I can pull off a loose/light/untucked button-up shirt over a wife beater and shorts in the summer while carrying a subcompact OWB. I am 5'11 and 200 lbs. The only real trick is when the wind picks up.


----------



## dave33 (Mar 13, 2009)

There is almost always some wind here at the beach so that may not be practical here. I was looking at a holster companys website that showed people wearing their various products and they had a IWB holster that you could tuck a shirt over that looked pretty good, but I would like some opinions from folks with first hand experience before I start ordering holsters.


----------



## Razorback58 (Mar 20, 2009)

dave33 said:


> There is almost always some wind here at the beach so that may not be practical here. I was looking at a holster companys website that showed people wearing their various products and they had a IWB holster that you could tuck a shirt over that looked pretty good, but I would like some opinions from folks with first hand experience before I start ordering holsters.

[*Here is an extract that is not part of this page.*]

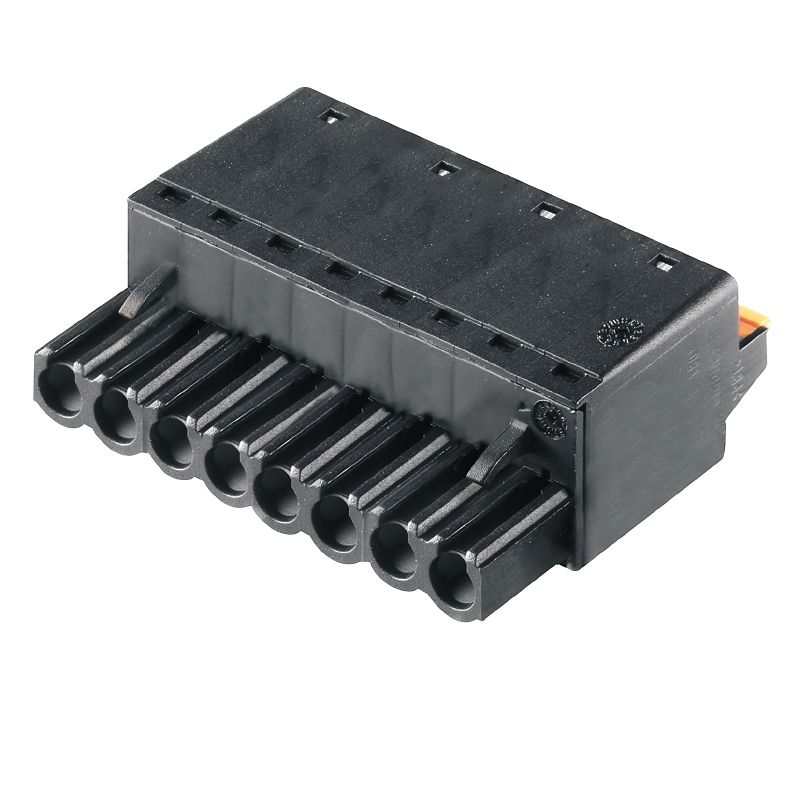 Platinenstecker Buchse 8p sw 1re 5,08mm zinn Direktans fester Steckverbinder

Do you have a link to that website? Thanks!


----------



## tekhead1219 (May 16, 2008)

It gets pretty hot and humid here in southeast Texas in the summer. I carry a CZ 2075 IWB in a Super Tuck holster. If I wear a shirt that needs tucked, this holster works great. More times than not though, I just wear a longer length T shirt and a pair of shorts and have had no issues. Wind has not been an issue with this holster either. Just my .02. I'm sure you'll get other recommendations. It really is a personal issue though. I have a dresser drawer full of holsters that I have tried, based on recommendations, didn't like and moved on to something else. I'm pretty sure I'm not the only one with a drawer full of them.:anim_lol:


----------



## dave33 (Mar 13, 2009)

Tekhead,

The rami is one of the CC weapons at the top of my list for carry, I just cant find one to put my hands on. Do you think it would be small/light enough to go inside a large pocket on a pair of cargo shorts as a CC option? High noon holsters have a pocket holster that is suppose to fit the rami. Also, are you pleased with the rami? I am looking at that or a P-07 as a potential carry weapons among others.

Razorback,

I was looking at high noon holster's website, sorry no link, but if you type their name into your search engine of choice you will get to their website no problem.


----------



## Razorback58 (Mar 20, 2009)

dave33 said:


> Razorback,
> 
> I was looking at high noon holster's website, sorry no link, but if you type their name into your search engine of choice you will get to their website no problem.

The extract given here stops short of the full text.